*Task instructions:*
Leave out the pictures and restate exactly, and only, the lines from the one that contains "Harry Clarke Art" through the final line of the material below.

──────── Source data ────────

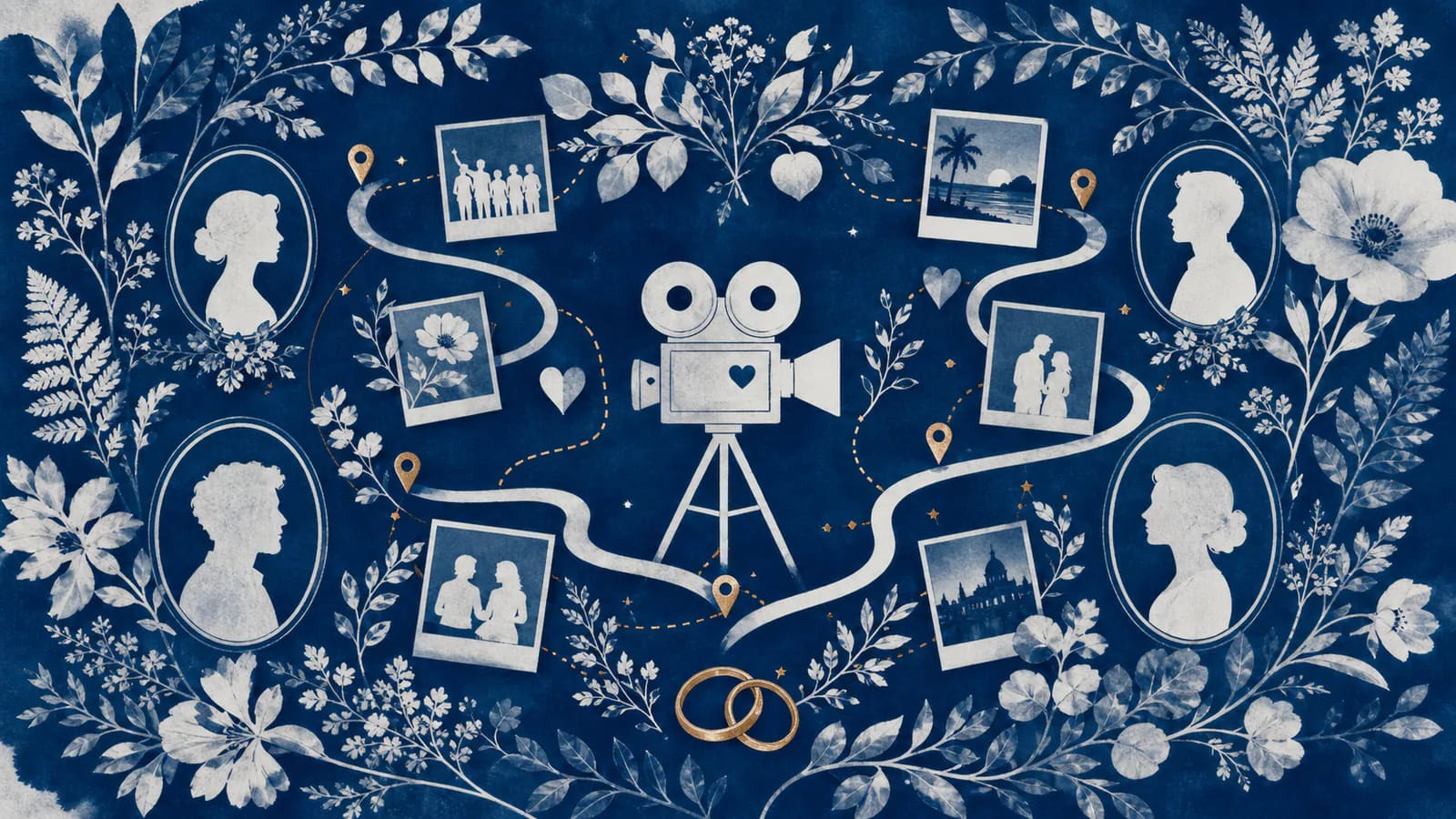 Cyanotype wedding guest book with portraits, flowers, a camera, and memory routes
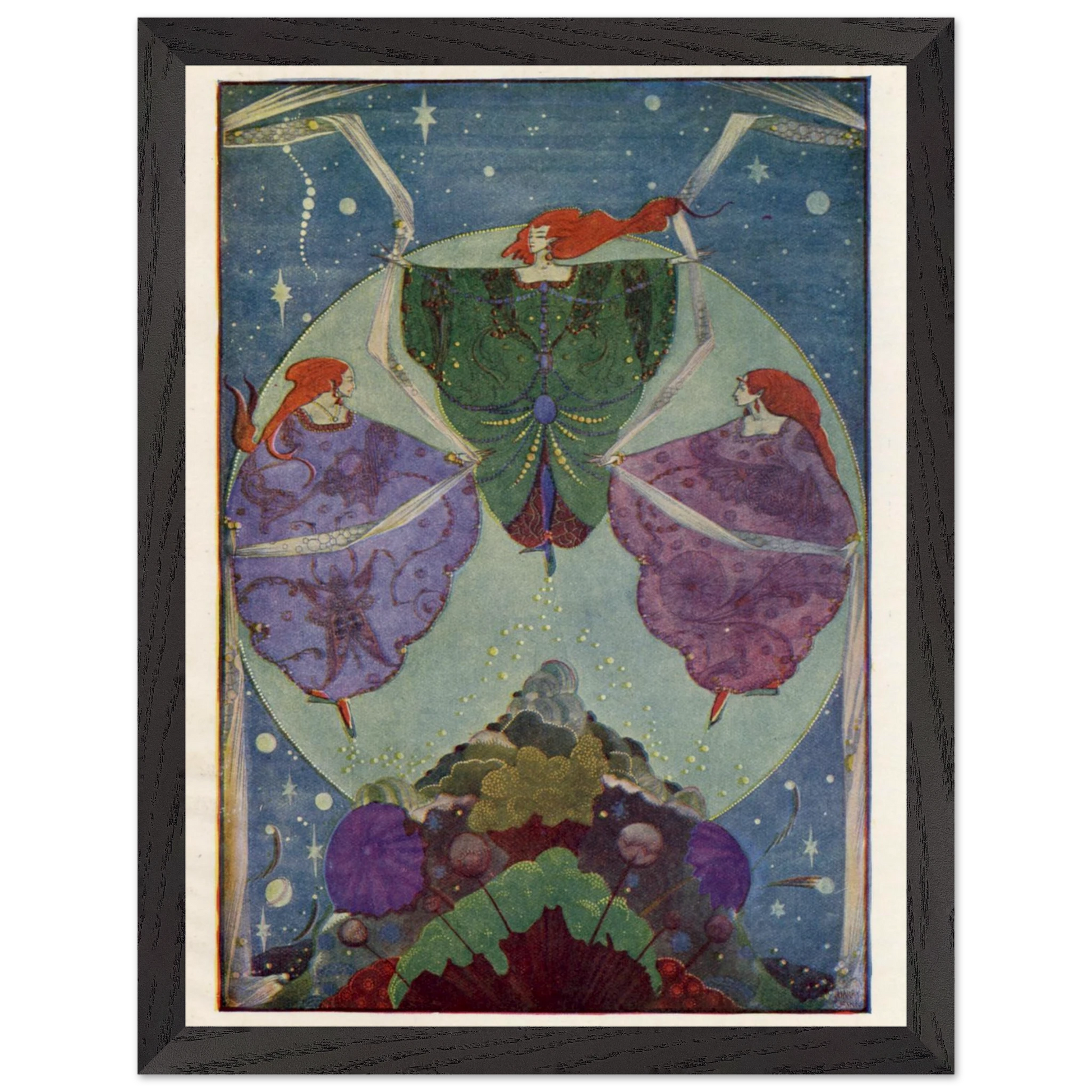 Harry Clarke Art Print – Andersen's Fairy Tales (1933) – “They Danced with Shawls” | Museum-Quality Framed Reproduction – room setting display | Buy Irish Art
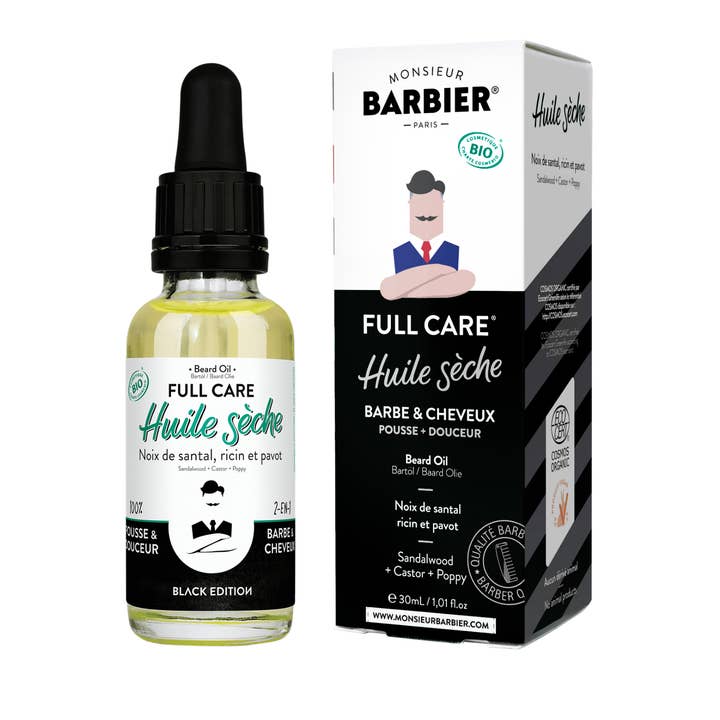 FULL CARE - Olio biologico per barba e capelli - Edizione nera per la vendita all'ingrosso da parte di Monsieur BARBIER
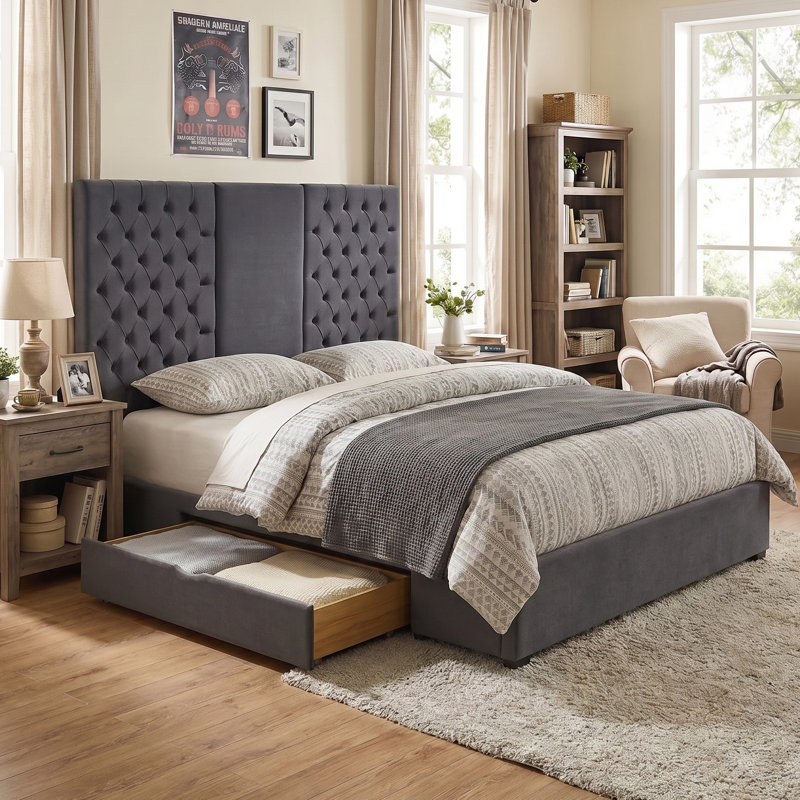Contemporary Glam Extra-Tall Tufted Upholstered Velvet Platform Bed with Storage Drawers, King, Gray , King, Gray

────────

*Result below:*
 Harry Clarke Art Print – Andersen's Fairy Tales (1933) – “They Danced with Shawls” | Museum-Quality Framed Reproduction – room setting display | Buy Irish Art
 FULL CARE - Olio biologico per barba e capelli - Edizione nera per la vendita all'ingrosso da parte di Monsieur BARBIER
Contemporary Glam Extra-Tall Tufted Upholstered Velvet Platform Bed with Storage Drawers, King, Gray , King, Gray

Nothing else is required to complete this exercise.